Osmanlı Atmosferinde Aşk
Leyla ile Mecnun, Aslı ile Kerem, Şirin ile Ferhat'tan sonra bu kez de Bahşı Yunus ile Kaknusia'nın aşkına tanıklık edeceksiniz. Tarih romanlarının usta kalemi İskender Pala'nın tarihi motiflerle süslü "Aşk Hikayesi"ni bir solukta okuyacaksınız.
Hikaye, Osmanlı sultanlarından 1. Ahmet döneminde geçiyor. Sultan'ın en büyük arzusu kainatın en güzel camisini yaptırmak. Bunun için de saray eşrafı bir koşuşturma içerisinde. Caminin yapımında görev alan kilit adamlardan biri de Bahşı lakabıyla bilinen Yunus. Sultan'ın oğlu Osman'ın tomak hocası. Ve ayrıca sarayın dülgerbaşı. Eşraf meydanda toplanmış proje üzerinde hasbihal ederken, Yunus bir kadın görür ve peşine takılır. Gördüğü bu yüz onun yıllardır içini köz gibi yakan kara sevdası Kaknusia'ya çok benzemektedir. Çeyrek asırdır yüzüne hasret kaldığı kadınının yaşadığına dair edindiği bu duygu Bahşı Yunus'u karmaşık bir hikayenin içerisine çekecektir...

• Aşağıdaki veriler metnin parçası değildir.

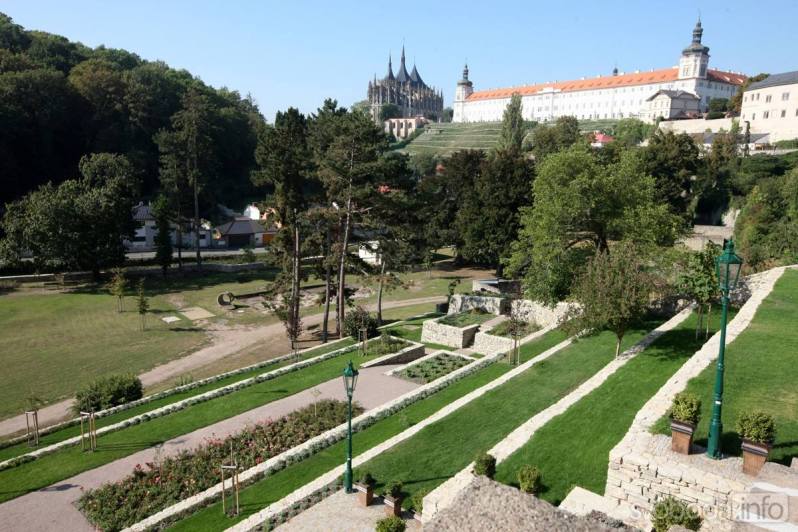 Kutnohorská rada usiluje o dočasné otevření parku pod Vlašským dvorem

İskender Pala aşkı öylesine güzel anlatıyor ki daha önce aşkın ne olduğunu bilirim diyeni bile büyülemeyi başarıyor. Edebi motifleri, dili öylesine ışıltılı ki aşka dair her cümlesi çerçevelik! Müthiş bir cümle mühendisliği yapıyor. Aşık olanlar, aşka karşılık alamayanlar; umut ve umutsuzluk hepsi aynı heybede... Önce geçmişe gidiyor okur ardından orada dinlenip geleceğe doğru adımlıyor. Ustaca bir kurgu ile her şey yerli yerinde.

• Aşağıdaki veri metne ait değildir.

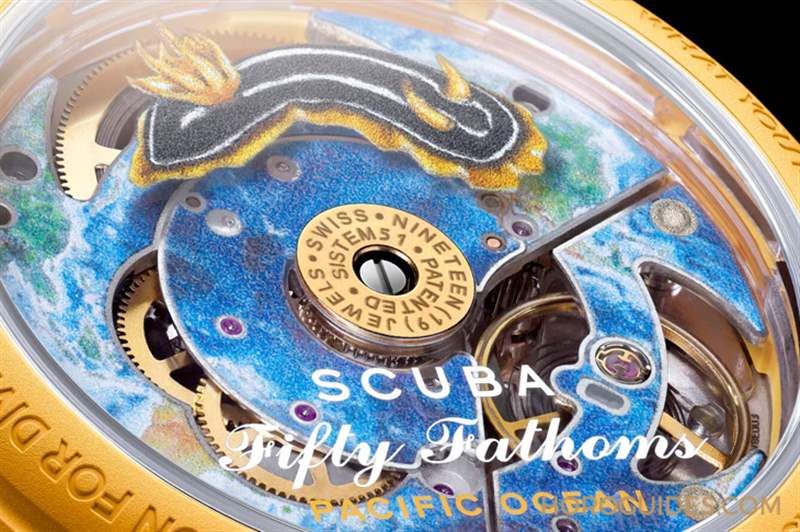 BLANCPAIN x SWATCH五款聯名表公開，這兩支最應該買！-復刻表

Macera ve entrika dolu bir roman "Aşk Hikayesi"... Osmanlı döneminin havasıyla tasavvufi bir renge bürünüyor. Hacılar, efendiler, şeyhler, yeniçeriler, çorbacılar, sekbanbaşları... Ne ararsanız içinde!
Ve şöyle diyor İskender Pala sonunda: "Özgürlük sevgiliye köle olmaktır."